Editora: Record
ISBN: 978-85-01-04445-7
Páginas: 351
Classificação: 4/5
Sinopse: O depoimento da pequena Anne Frank, morta pelos nazistas após passar anos escondida no sótão de uma casa em Amsterdã, ainda hoje emociona leitores no mundo inteiro. Seu diário narra os sentimentos, medos e pequenas alegrias de uma menina judia que, com sua família, lutou em vão para sobreviver ao Holocausto.
Lançado em 1947, O Diário de Anne Frank tornou-se um dos maiores sucessos editoriais de todos os tempos. Um livro tocante e importante que conta às novas gerações os horrores da perseguição aos judeus durante a Segunda Guerra Mundial.
Agora, seis décadas após ter sido escrito, este relato finalmente é publicado na íntegra, com um caderno de fotos e o resgate de trechos que permaneciam inéditos. Uma nova edição que aprofunda e aumenta nossa compreensão da vida e da personalidade dessa menina que se transformou em um dos grandes símbolos da luta contra a opressão e a injustiça. E consagra O Diário de Anne Frank como um dos livros de maior importância do século XX. Uma obra que deve ser lida por todos, para evitar que atrocidades parecidas voltem a acontecer neste mundo.
Agora, seis décadas após ter sido escrito, este relato finalmente é publicado na íntegra, com um caderno de fotos e o resgate de trechos que permaneciam inéditos. Uma nova edição que aprofunda e aumenta nossa compreensão da vida e da personalidade dessa menina que se transformou em um dos grandes símbolos da luta contra a opressão e a injustiça. E consagra O Diário de Anne Frank como um dos livros de maior importância do século XX. Uma obra que deve ser lida por todos, para evitar que atrocidades parecidas voltem a acontecer neste mundo.
O livro conta a historia, verídica, de Anne, com uma vida comum, com amigos, uma família, e problemas de uma garota normal. Mas com treze anos ela e outros judeus começam a ser caçados pelos nazistas.Anne e sua família então vão para um esconderijo, chamado de Anexo secreto, que dividem com a família Van Daan e Albert Dussel, onde permanece durante dois anos. Claro, a vida se torna mais difícil entre famílias misturadas, e o livro se torna até mesmo engraçado pelo fato da existência das brigas e desavenças. Durante esse período de dois anos, Anne conta, ao seu diário batizado de Kitty, seus dias “presa” dentro do Anexo, mal podendo abrir as janelas. Anne conta como se sente sozinha e confusa, mal, por não poder ajudar outros judeus como ela.

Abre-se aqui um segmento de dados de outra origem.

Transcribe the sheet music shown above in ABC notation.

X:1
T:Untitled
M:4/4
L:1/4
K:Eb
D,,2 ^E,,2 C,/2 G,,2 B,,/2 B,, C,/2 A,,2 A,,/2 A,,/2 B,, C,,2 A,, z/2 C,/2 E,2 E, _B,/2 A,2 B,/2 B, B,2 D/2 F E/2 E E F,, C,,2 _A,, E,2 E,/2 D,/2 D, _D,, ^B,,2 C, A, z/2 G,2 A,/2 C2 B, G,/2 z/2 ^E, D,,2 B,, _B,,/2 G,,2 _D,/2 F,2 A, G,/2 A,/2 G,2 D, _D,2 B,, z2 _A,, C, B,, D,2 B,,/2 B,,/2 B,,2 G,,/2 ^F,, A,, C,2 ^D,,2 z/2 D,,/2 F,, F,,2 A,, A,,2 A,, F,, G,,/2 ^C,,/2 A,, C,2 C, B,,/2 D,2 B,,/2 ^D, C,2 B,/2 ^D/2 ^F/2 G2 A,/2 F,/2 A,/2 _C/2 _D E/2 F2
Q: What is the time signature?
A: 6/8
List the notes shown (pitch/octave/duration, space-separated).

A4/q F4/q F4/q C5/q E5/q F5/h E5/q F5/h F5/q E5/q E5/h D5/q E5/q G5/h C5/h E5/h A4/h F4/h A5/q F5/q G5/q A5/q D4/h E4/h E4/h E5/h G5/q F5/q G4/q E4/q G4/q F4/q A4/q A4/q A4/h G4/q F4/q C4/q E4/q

Bem, sinceramente eu não curto muito a leitura em forma de diário, mas me apaixonei pelo livro. No começo foi meio confuso, pelo fato de não ser um livro onde os personagens são apresentados um de cada vez e em seu devido tempo, mas logo decorei todos os nomes e seu papel nessa historia.

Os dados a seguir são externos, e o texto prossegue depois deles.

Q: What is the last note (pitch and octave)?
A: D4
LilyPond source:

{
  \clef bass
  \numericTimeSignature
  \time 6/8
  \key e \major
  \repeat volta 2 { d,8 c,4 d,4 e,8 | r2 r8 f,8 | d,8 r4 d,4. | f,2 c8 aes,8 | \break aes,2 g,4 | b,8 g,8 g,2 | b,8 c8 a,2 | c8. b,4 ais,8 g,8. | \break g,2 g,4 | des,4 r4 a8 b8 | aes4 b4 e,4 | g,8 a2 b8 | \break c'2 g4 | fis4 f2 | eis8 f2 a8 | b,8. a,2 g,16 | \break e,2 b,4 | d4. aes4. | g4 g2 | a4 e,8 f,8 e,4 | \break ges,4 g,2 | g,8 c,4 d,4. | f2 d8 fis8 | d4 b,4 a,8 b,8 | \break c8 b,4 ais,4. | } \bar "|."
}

Eu achei impossível não adorar Anne, e sinceramente me identifiquei um pouco com ela. Anne não era compreendida pelos moradores do Anexo, o que a deixava frustrada, ate mesmo ao ponto de chorar a noite no travesseiro. Sua ligação com o pai, Otto Frank, é linda, mas com o longo do tempo é perdida. Sua relação com a mãe Edith Frank é estranha, pelo fato de Anne achar que sua mãe não a ama tanto como ama sua irmã Margot Frank.
Obviamente, sabemos o final dessa historia que é triste. Mas mesmo assim, torci o livro inteiro para que o final mudasse para melhor. O livro nos emociona deixando uma mensagem, de como foi difícil ser um judeu durante a segunda guerra mundial. Ainda mais para uma menina, que tinha sonhos e muito para viver ainda. Recomendo. Um livro apaixonante e uma leitura que com certeza, vou levar para o resto de minha vida.